Ma la strada potrebbe essere ancora lunga e se politicamente i numeri perché la maggioranza approvi le riforme ci sono, rimane la «resistenza» (il termine che unisce tutti i manifestanti rumeni è «rezistam», cioè «resistiamo») della piazza sostenuta anche da personalità di spicco come l’ex premier tecnocrate Dacian Ciolos e dagli stessi giudici e magistrati che lunedì sono scesi anch’essi in strada per esprimere il loro disappunto.

MENTRE L’OPPOSIZIONE, in particolare quella dell’Usr (Unione Salvate la Romania) cercherà in tutti i modi leciti di fermare l’approvazione delle leggi: «Se non riusciremo a bloccare la votazione al Senato – ha dichiarato in una nota il presidente Usr, il deputato Dan Barna – ci appelleremo nei prossimi giorni direttamente alla corte costituzionale per contestare tutte le iniziative volte a favorire l’integrità giuridica di Dragnea e dei suoi baroni».

LA SFIDA PER IL GOVERNO non viene però solo dalla piazza.

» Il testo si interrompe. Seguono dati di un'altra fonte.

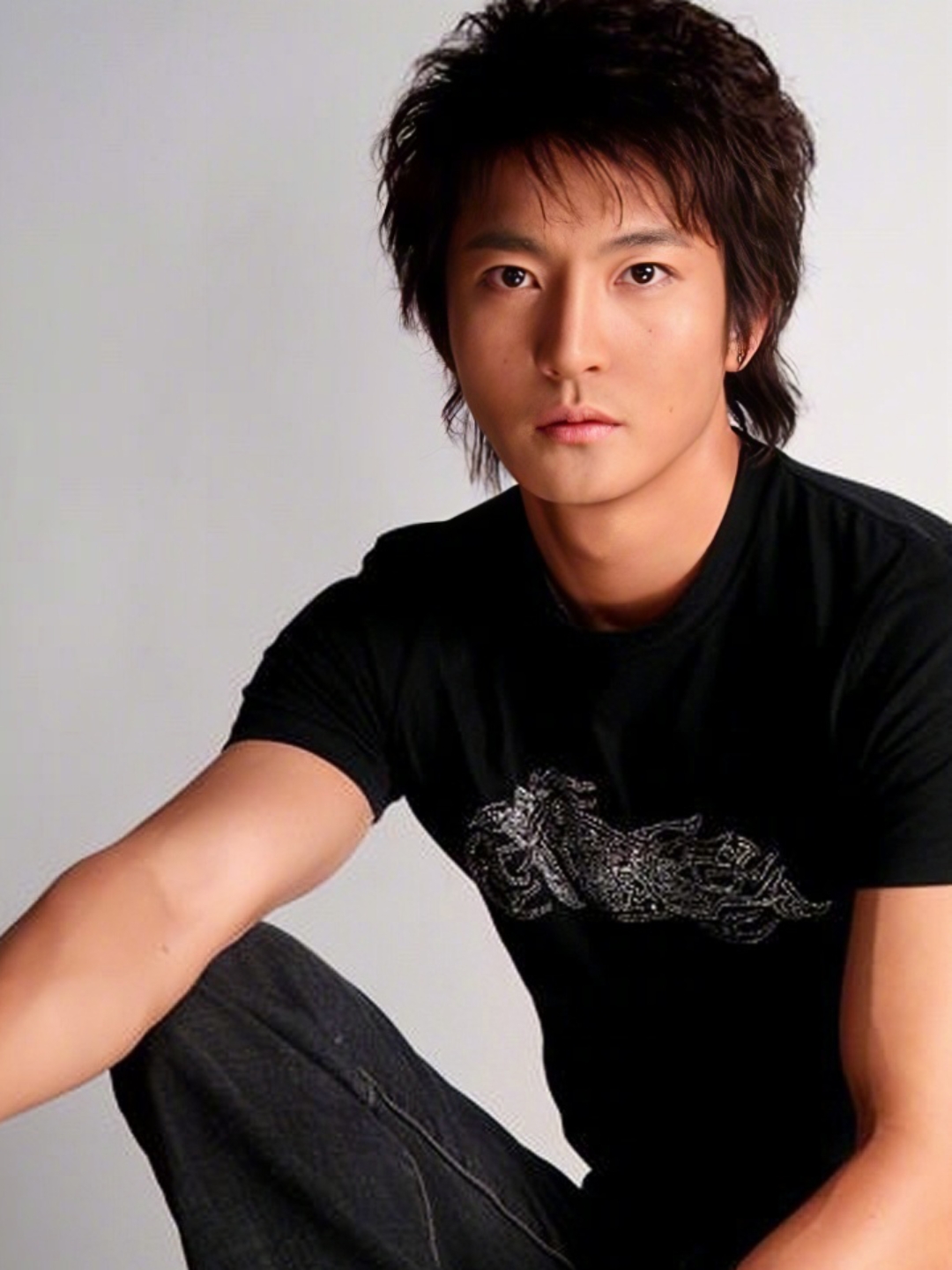 比如说咱们郭京飞 那也曾经棱角分明,英气逼人啊!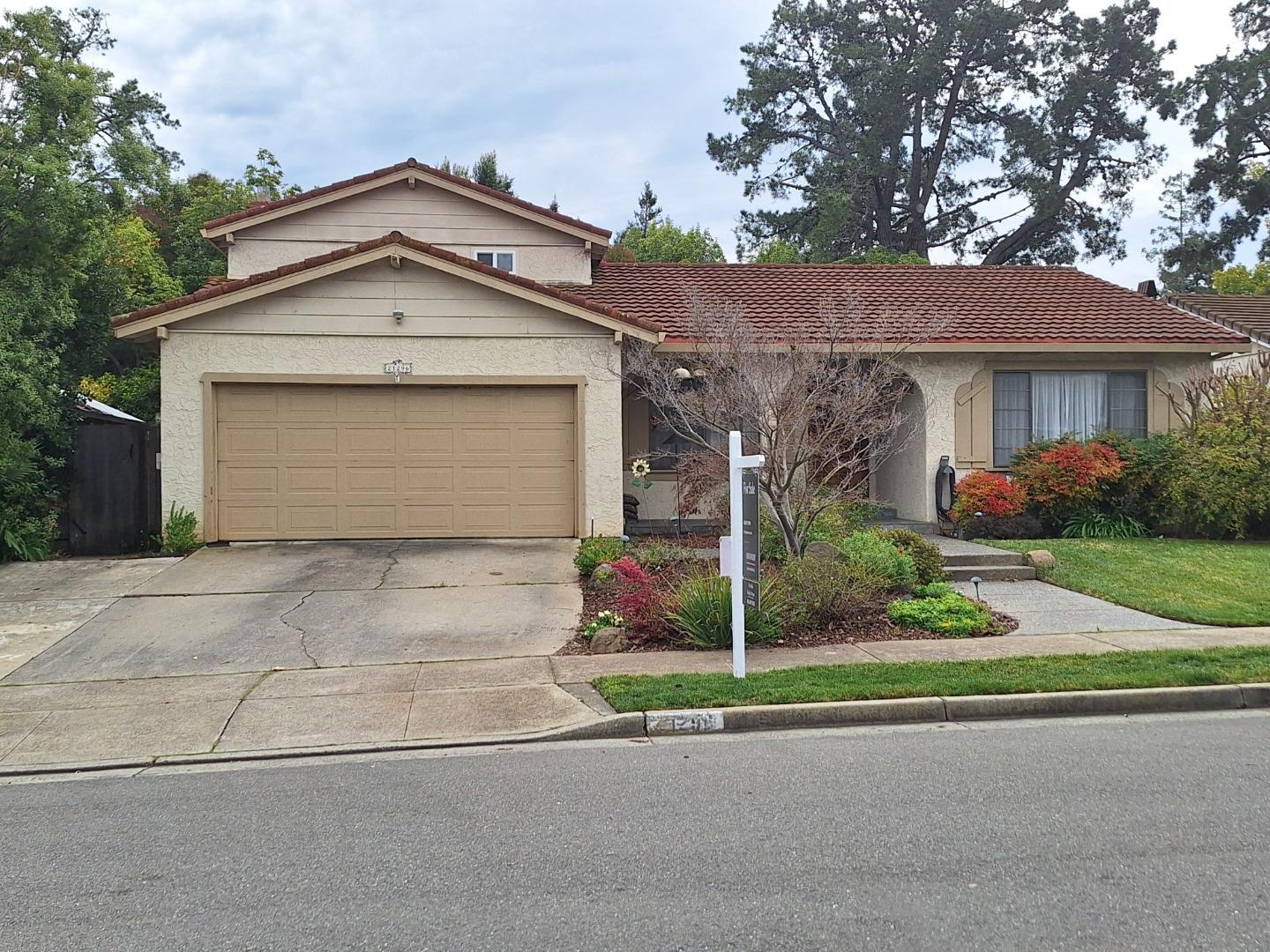 21296 Rumford Dr, Cupertino, CA 95014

La spregiudicata politica finanziaria, così come definita qualche tempo fa dal presidente della repubblica, Klaus Iohannis, del governo socialdemocratico, ha costretto l’esecutivo a preparare un piano per il prestito di 8 miliardi di euro in due anni per coprire il deficit di bilancio arrivato al limite massimo consentito dall’Unione europea e per far fronte ad alcuni debiti esteri.
Una mossa forzata che potrebbe creare gravissime difficoltà finanziarie ad un paese ancora «in lutto» per la morte di Re Mihai I, l’ultimo ex monarca rumeno di cui proprio domenica si sono celebrati i funerali.